Source records –

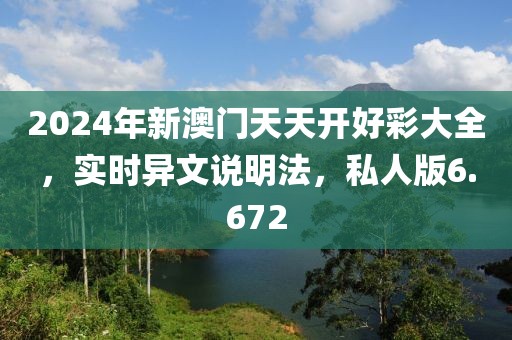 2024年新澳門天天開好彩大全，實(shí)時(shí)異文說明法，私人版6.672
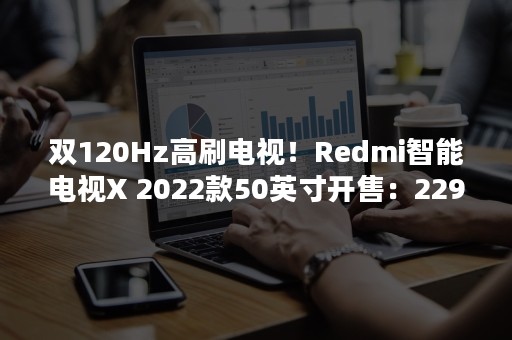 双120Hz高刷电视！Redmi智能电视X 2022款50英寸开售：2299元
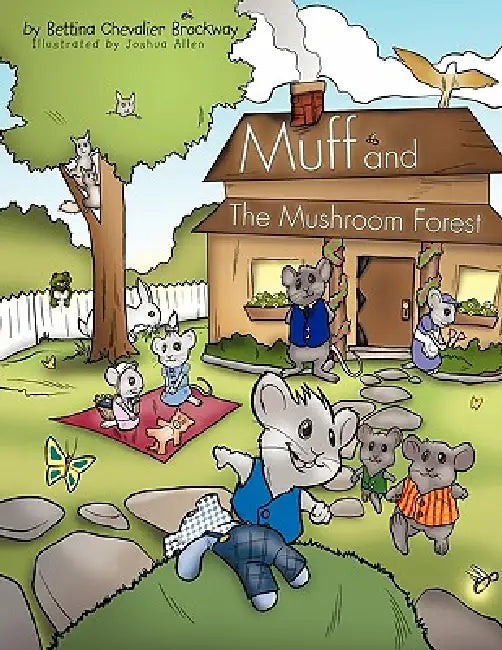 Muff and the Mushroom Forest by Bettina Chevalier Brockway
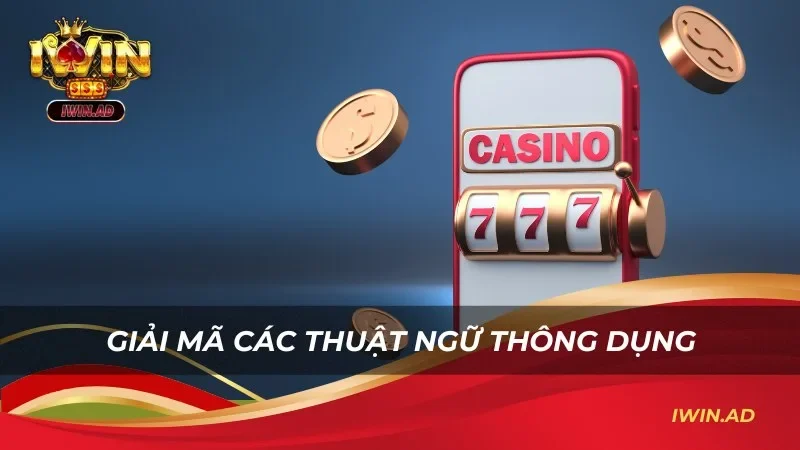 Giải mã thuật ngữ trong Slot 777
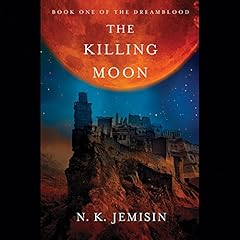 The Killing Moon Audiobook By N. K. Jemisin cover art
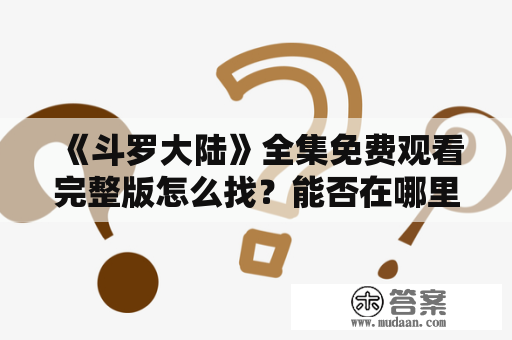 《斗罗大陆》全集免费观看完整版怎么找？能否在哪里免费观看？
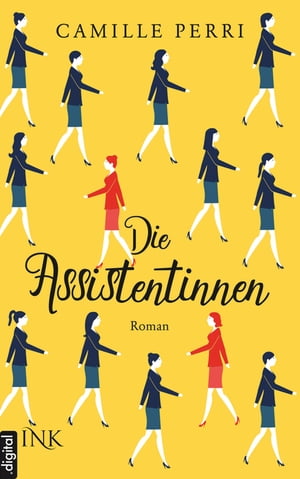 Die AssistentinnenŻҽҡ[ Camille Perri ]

* * *

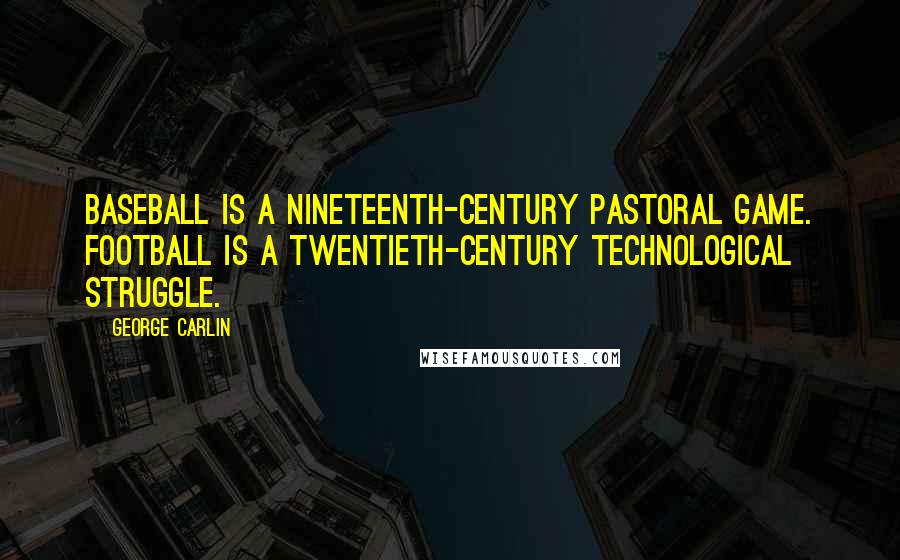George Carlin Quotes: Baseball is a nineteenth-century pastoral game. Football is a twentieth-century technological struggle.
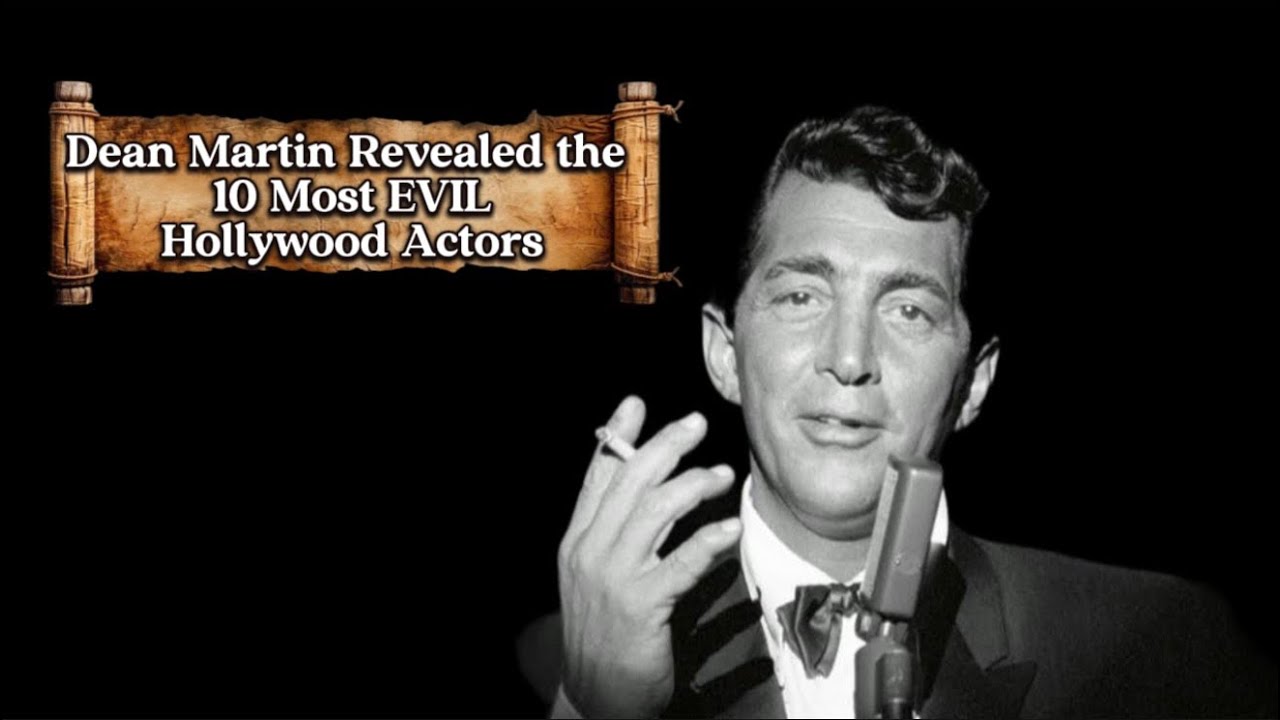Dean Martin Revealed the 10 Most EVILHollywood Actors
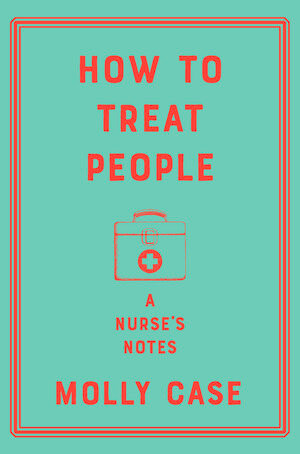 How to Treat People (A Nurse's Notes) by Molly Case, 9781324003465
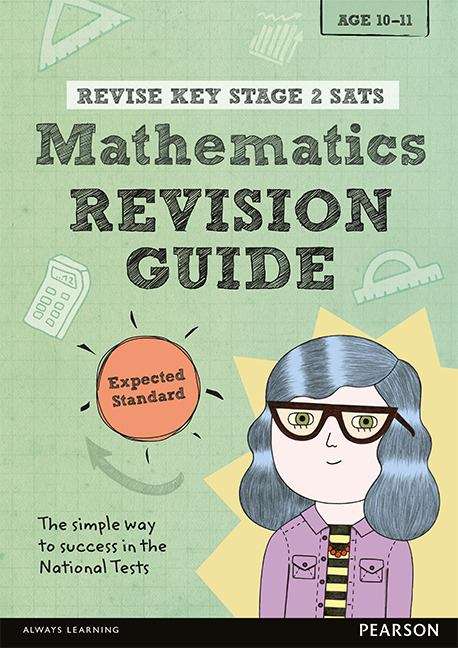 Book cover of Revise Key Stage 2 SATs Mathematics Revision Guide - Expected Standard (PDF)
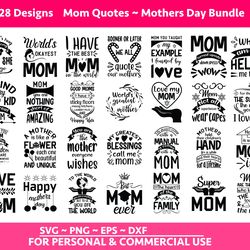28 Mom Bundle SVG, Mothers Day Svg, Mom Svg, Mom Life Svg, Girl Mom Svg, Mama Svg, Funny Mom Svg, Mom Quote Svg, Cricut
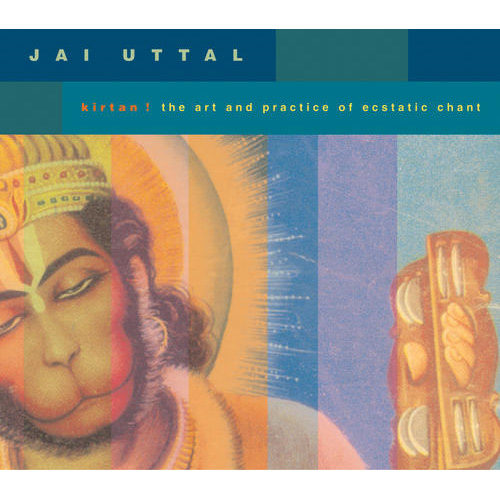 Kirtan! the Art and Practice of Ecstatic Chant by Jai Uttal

What is expected – Take the lines above starting at the one containing "2024年新澳門天天開好彩大" and ending at the one containing "Die AssistentinnenŻҽҡ[ Camille Perri ]", and print them again exactly, without pictures.

Response –
 2024年新澳門天天開好彩大全，實(shí)時(shí)異文說明法，私人版6.672
 双120Hz高刷电视！Redmi智能电视X 2022款50英寸开售：2299元
 Muff and the Mushroom Forest by Bettina Chevalier Brockway
 Giải mã thuật ngữ trong Slot 777
 The Killing Moon Audiobook By N. K. Jemisin cover art
 《斗罗大陆》全集免费观看完整版怎么找？能否在哪里免费观看？
 Die AssistentinnenŻҽҡ[ Camille Perri ]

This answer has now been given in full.